= Exercise objective =
Output the line that contains "Subaru Justy J13 Trend" together with each line after it, through the final line of the listing below, word for word; omit pictures.

= Given information =
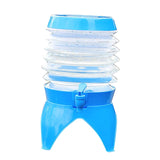 Maxbell Collapsible Water Container Camping Water Jug for Climbing Fishing Emergency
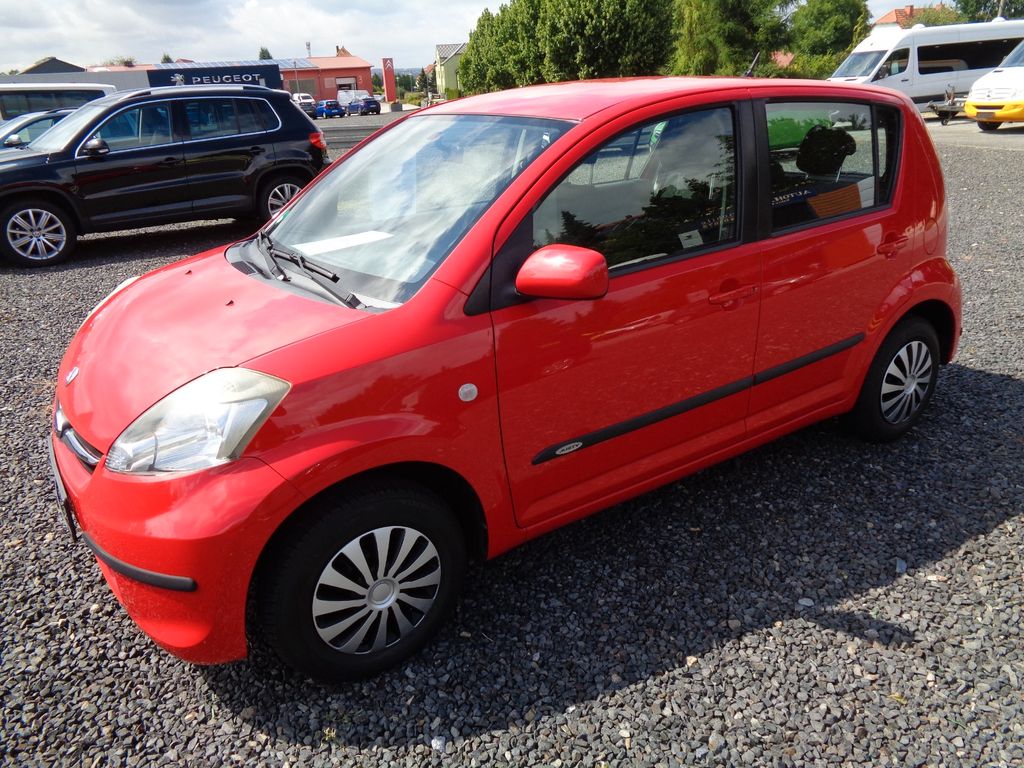Subaru Justy J13 Trend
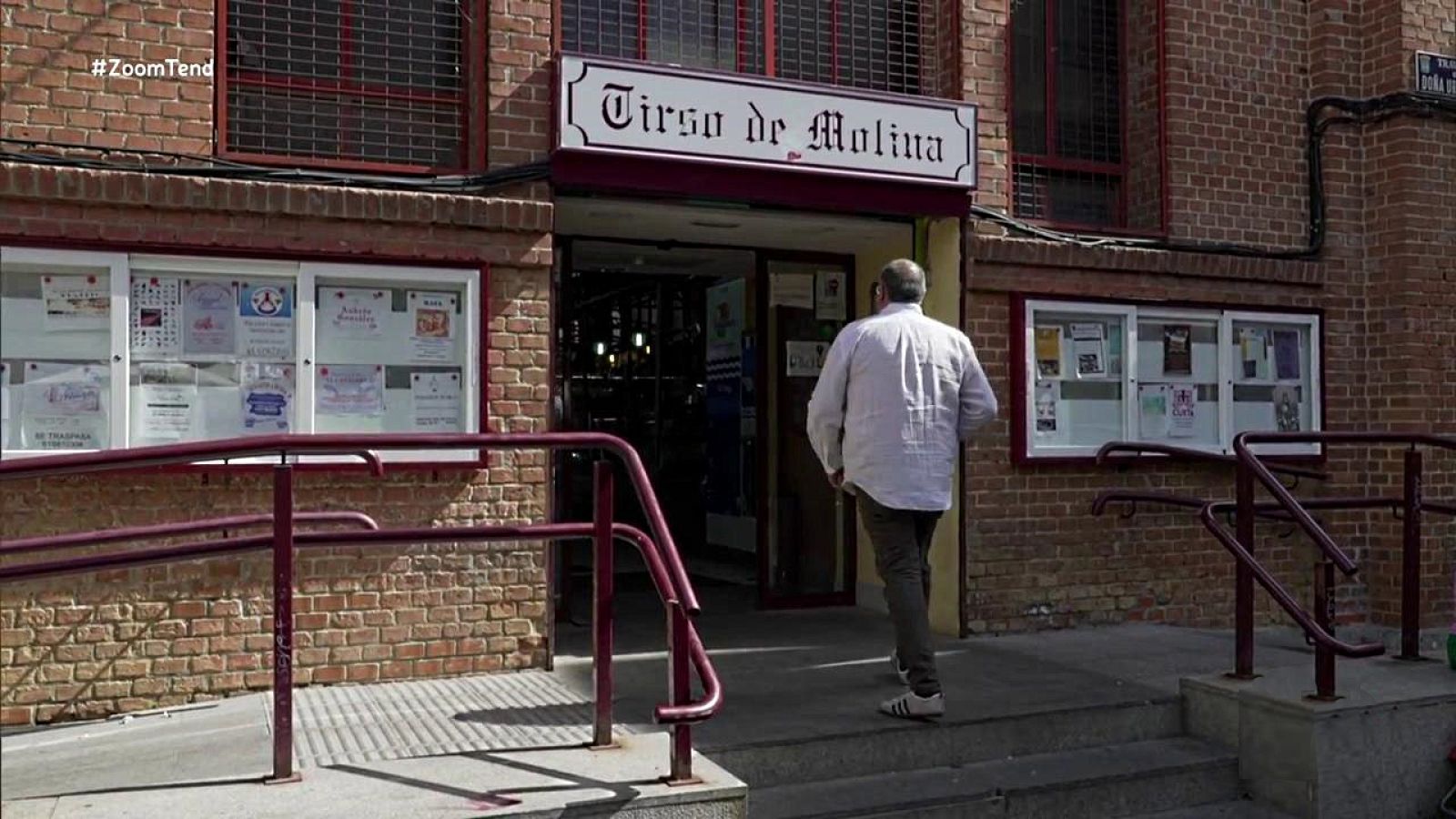 Zoom Tendencias - Tirso de Molina, un mercado en ebullición - ver ahora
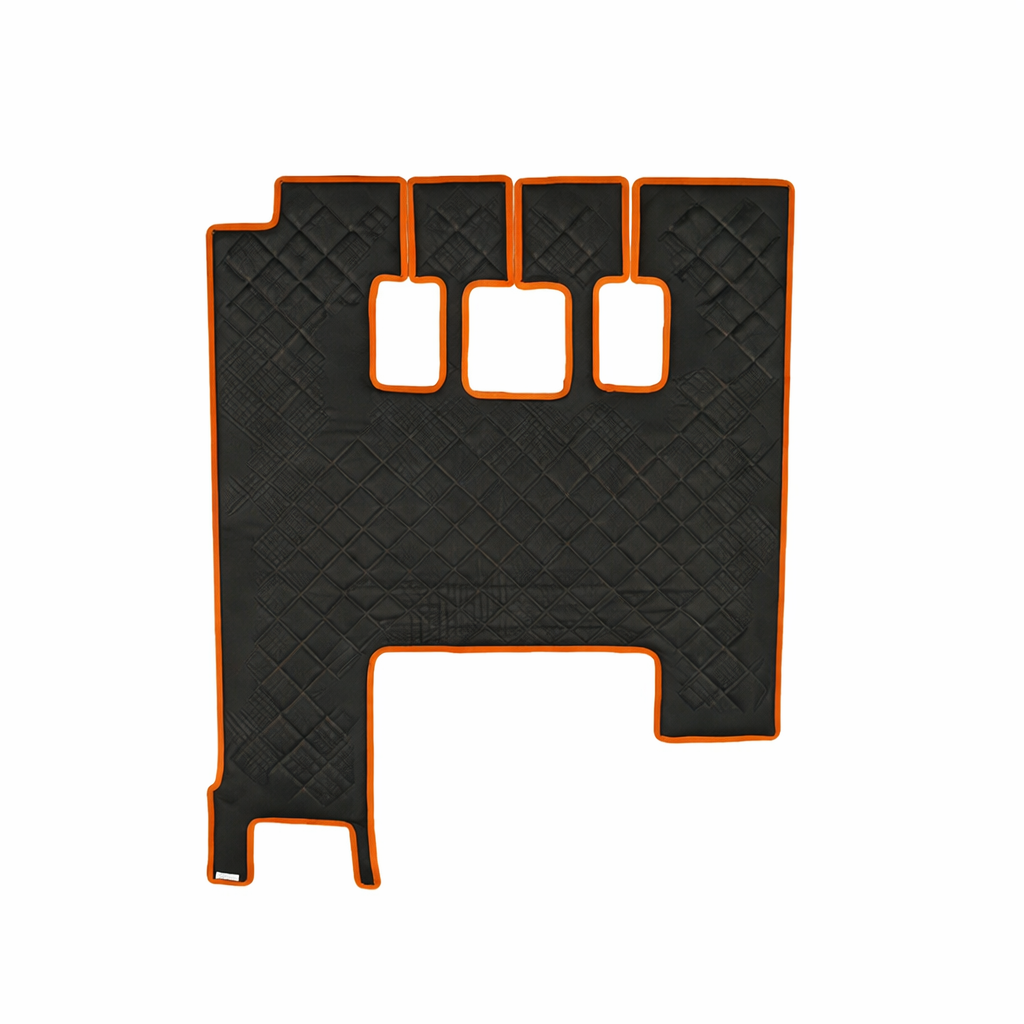 Caterpillar floor mat 313-352 E/F // 4 recesses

= Exercise response =
Subaru Justy J13 Trend
 Zoom Tendencias - Tirso de Molina, un mercado en ebullición - ver ahora
 Caterpillar floor mat 313-352 E/F // 4 recesses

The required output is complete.